The roughly 60 students who took the ACT test last spring scored 20 percent above the

state average and about 10 percent above the national average, according to scores released last week.

“I know last year’s class was the largest scholarship year we’ve had, so these scores make sense. They were a motivated group,” said Payson Unified School District Superintendent Casey O’Brien of the standout scores.

We have a good trend going, and we want to keep it going,” O’Brien concluded.

Just under a third of the graduating class took the ACT, the most commonly used standardized test used by colleges nationwide.

The strong performance of the high school’s college-bound students contrasts with the below-average overall AIMS scores, based on tests of basic skills taken by all students.

Payson’s graduates beat the state and national averages in every subject area.

For instance, in math Payson students scored 25 percent above the state average and 19 percent above the national average.

Likewise in science Payson students scored 25 percent above the state average and 16 percent above the national average.

In English, Payson students scored 32 percent above the state average and 19 percent above the national average.

More than two-thirds of the Payson students scored above the national benchmarks in all subjects.
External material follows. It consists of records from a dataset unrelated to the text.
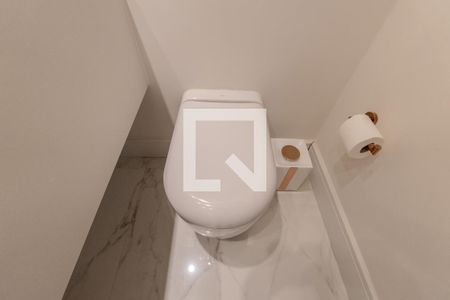 Lavabo de apartamento à venda com 4 quartos, 240m² em Bela Vista, São Paulo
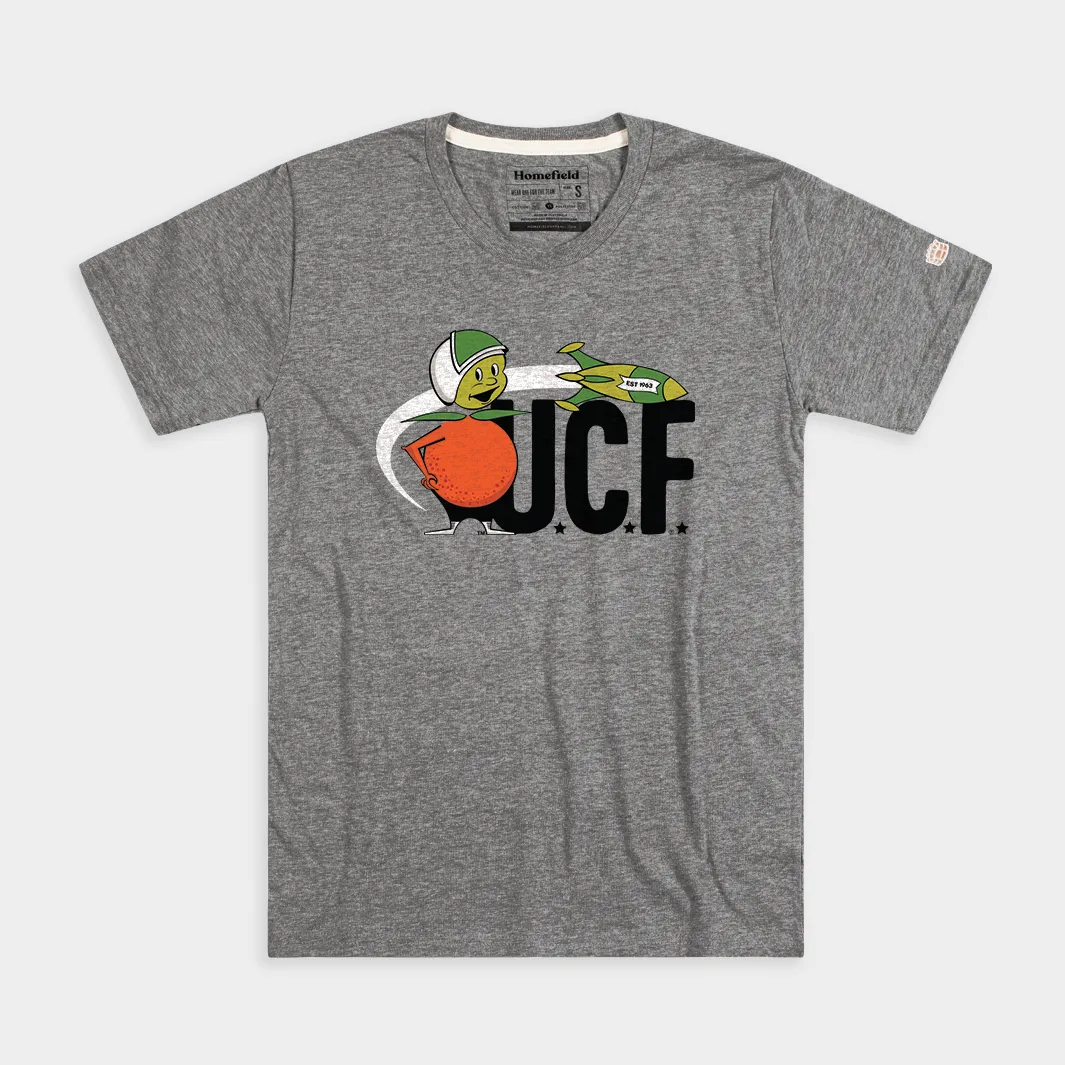 Vintage UCF Citronaut Tee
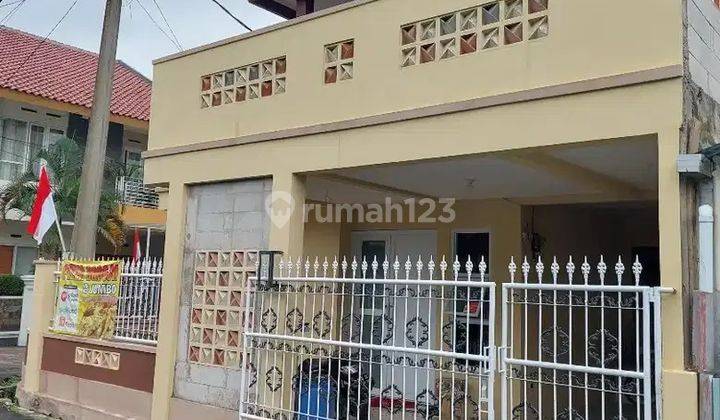 Jual Cepat Rumah Hook di Komplek Pondok Mutiara Cimahi 1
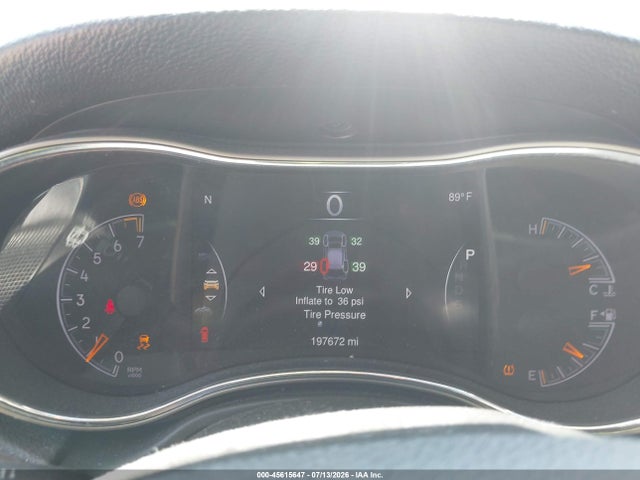 Продаж на аукціоні авто 2014 Jeep Grand Cherokee Limited, vin: 1C4RJFBG0EC398205, номер лоту: 45615647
Studies suggest that 75 percent of students who score in that range successfully complete college.

Payson students have generally beat the state average on the ACT each year in most subjects for the past five years. However, the 2011 scores represented the strongest performance in that whole period. Payson has consistently scored above the state average in English, math and science for each of the past four years.

However, Payson did much better compared to the state average this year than in previous years. Payson students scored 18 percent below the four-year average prior to this year, before this year’s standout performance.

“Determining and creating six-year course plans and taking the right courses in sequence increases the chances students will be prepared with the skills necessary to take advanced-level courses. With these supports in place, Payson High School looks forward to continued improvement and growth annually,” said Payson High School Principal Kathe Ketchem.

O’Brien said he took special pleasure in the improvement in the English scores. “We’ve been putting an emphasis on language, so that component is very encouraging,” he said.

The strong performance on the ACT scores adds to the encouragement in last year’s sharp rise in the graduation rate to about 83 percent. The high school moved from slightly below the state average to just above the state average on that crucial measurement.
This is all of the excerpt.